Directions:
Output the whole listing below. Keep it exact.

BEGIN Data to process

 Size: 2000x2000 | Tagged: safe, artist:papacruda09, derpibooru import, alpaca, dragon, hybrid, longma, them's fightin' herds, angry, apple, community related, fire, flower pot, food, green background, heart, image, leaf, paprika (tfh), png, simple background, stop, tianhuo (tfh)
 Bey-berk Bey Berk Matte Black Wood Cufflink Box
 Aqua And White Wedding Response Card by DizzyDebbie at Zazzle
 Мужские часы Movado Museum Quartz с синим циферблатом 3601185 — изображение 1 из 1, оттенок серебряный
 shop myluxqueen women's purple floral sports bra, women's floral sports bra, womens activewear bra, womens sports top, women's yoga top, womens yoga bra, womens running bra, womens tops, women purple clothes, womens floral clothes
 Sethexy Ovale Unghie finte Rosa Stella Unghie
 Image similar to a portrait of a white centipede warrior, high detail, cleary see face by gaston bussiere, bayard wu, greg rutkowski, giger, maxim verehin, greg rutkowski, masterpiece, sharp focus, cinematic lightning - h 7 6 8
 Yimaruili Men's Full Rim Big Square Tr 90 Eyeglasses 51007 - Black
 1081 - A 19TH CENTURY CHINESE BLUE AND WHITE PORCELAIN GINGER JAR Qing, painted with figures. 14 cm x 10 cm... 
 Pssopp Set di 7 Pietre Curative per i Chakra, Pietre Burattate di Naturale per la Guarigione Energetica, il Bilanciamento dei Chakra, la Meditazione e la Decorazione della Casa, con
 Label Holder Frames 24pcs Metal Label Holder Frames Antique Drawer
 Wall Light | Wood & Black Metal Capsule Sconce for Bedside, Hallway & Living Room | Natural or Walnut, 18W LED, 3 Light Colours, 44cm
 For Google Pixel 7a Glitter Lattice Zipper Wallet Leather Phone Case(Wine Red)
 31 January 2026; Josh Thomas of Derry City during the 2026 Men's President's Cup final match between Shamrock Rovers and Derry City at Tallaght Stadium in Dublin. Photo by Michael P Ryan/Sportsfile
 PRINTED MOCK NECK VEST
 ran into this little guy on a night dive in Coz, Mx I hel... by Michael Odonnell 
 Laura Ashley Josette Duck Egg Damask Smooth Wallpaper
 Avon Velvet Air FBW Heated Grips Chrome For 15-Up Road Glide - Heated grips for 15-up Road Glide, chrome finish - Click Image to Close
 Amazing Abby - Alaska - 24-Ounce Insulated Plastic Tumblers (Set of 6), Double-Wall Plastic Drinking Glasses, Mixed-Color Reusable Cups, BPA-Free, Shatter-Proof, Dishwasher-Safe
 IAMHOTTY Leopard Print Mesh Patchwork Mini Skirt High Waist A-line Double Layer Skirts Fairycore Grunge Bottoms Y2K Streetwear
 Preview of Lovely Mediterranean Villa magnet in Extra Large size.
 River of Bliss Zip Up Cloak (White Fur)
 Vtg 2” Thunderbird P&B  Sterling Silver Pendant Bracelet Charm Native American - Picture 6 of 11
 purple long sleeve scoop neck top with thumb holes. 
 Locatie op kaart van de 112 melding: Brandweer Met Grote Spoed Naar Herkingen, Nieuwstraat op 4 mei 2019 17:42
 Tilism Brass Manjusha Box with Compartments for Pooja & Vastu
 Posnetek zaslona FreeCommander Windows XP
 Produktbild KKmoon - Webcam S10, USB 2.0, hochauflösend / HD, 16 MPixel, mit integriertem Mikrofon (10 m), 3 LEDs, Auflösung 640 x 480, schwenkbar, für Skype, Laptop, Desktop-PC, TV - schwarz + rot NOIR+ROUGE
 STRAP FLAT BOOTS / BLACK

END Data to process

Output for this task:
 Size: 2000x2000 | Tagged: safe, artist:papacruda09, derpibooru import, alpaca, dragon, hybrid, longma, them's fightin' herds, angry, apple, community related, fire, flower pot, food, green background, heart, image, leaf, paprika (tfh), png, simple background, stop, tianhuo (tfh)
 Bey-berk Bey Berk Matte Black Wood Cufflink Box
 Aqua And White Wedding Response Card by DizzyDebbie at Zazzle
 Мужские часы Movado Museum Quartz с синим циферблатом 3601185 — изображение 1 из 1, оттенок серебряный
 shop myluxqueen women's purple floral sports bra, women's floral sports bra, womens activewear bra, womens sports top, women's yoga top, womens yoga bra, womens running bra, womens tops, women purple clothes, womens floral clothes
 Sethexy Ovale Unghie finte Rosa Stella Unghie
 Image similar to a portrait of a white centipede warrior, high detail, cleary see face by gaston bussiere, bayard wu, greg rutkowski, giger, maxim verehin, greg rutkowski, masterpiece, sharp focus, cinematic lightning - h 7 6 8
 Yimaruili Men's Full Rim Big Square Tr 90 Eyeglasses 51007 - Black
 1081 - A 19TH CENTURY CHINESE BLUE AND WHITE PORCELAIN GINGER JAR Qing, painted with figures. 14 cm x 10 cm... 
 Pssopp Set di 7 Pietre Curative per i Chakra, Pietre Burattate di Naturale per la Guarigione Energetica, il Bilanciamento dei Chakra, la Meditazione e la Decorazione della Casa, con
 Label Holder Frames 24pcs Metal Label Holder Frames Antique Drawer
 Wall Light | Wood & Black Metal Capsule Sconce for Bedside, Hallway & Living Room | Natural or Walnut, 18W LED, 3 Light Colours, 44cm
 For Google Pixel 7a Glitter Lattice Zipper Wallet Leather Phone Case(Wine Red)
 31 January 2026; Josh Thomas of Derry City during the 2026 Men's President's Cup final match between Shamrock Rovers and Derry City at Tallaght Stadium in Dublin. Photo by Michael P Ryan/Sportsfile
 PRINTED MOCK NECK VEST
 ran into this little guy on a night dive in Coz, Mx I hel... by Michael Odonnell 
 Laura Ashley Josette Duck Egg Damask Smooth Wallpaper
 Avon Velvet Air FBW Heated Grips Chrome For 15-Up Road Glide - Heated grips for 15-up Road Glide, chrome finish - Click Image to Close
 Amazing Abby - Alaska - 24-Ounce Insulated Plastic Tumblers (Set of 6), Double-Wall Plastic Drinking Glasses, Mixed-Color Reusable Cups, BPA-Free, Shatter-Proof, Dishwasher-Safe
 IAMHOTTY Leopard Print Mesh Patchwork Mini Skirt High Waist A-line Double Layer Skirts Fairycore Grunge Bottoms Y2K Streetwear
 Preview of Lovely Mediterranean Villa magnet in Extra Large size.
 River of Bliss Zip Up Cloak (White Fur)
 Vtg 2” Thunderbird P&B  Sterling Silver Pendant Bracelet Charm Native American - Picture 6 of 11
 purple long sleeve scoop neck top with thumb holes. 
 Locatie op kaart van de 112 melding: Brandweer Met Grote Spoed Naar Herkingen, Nieuwstraat op 4 mei 2019 17:42
 Tilism Brass Manjusha Box with Compartments for Pooja & Vastu
 Posnetek zaslona FreeCommander Windows XP
 Produktbild KKmoon - Webcam S10, USB 2.0, hochauflösend / HD, 16 MPixel, mit integriertem Mikrofon (10 m), 3 LEDs, Auflösung 640 x 480, schwenkbar, für Skype, Laptop, Desktop-PC, TV - schwarz + rot NOIR+ROUGE
 STRAP FLAT BOOTS / BLACK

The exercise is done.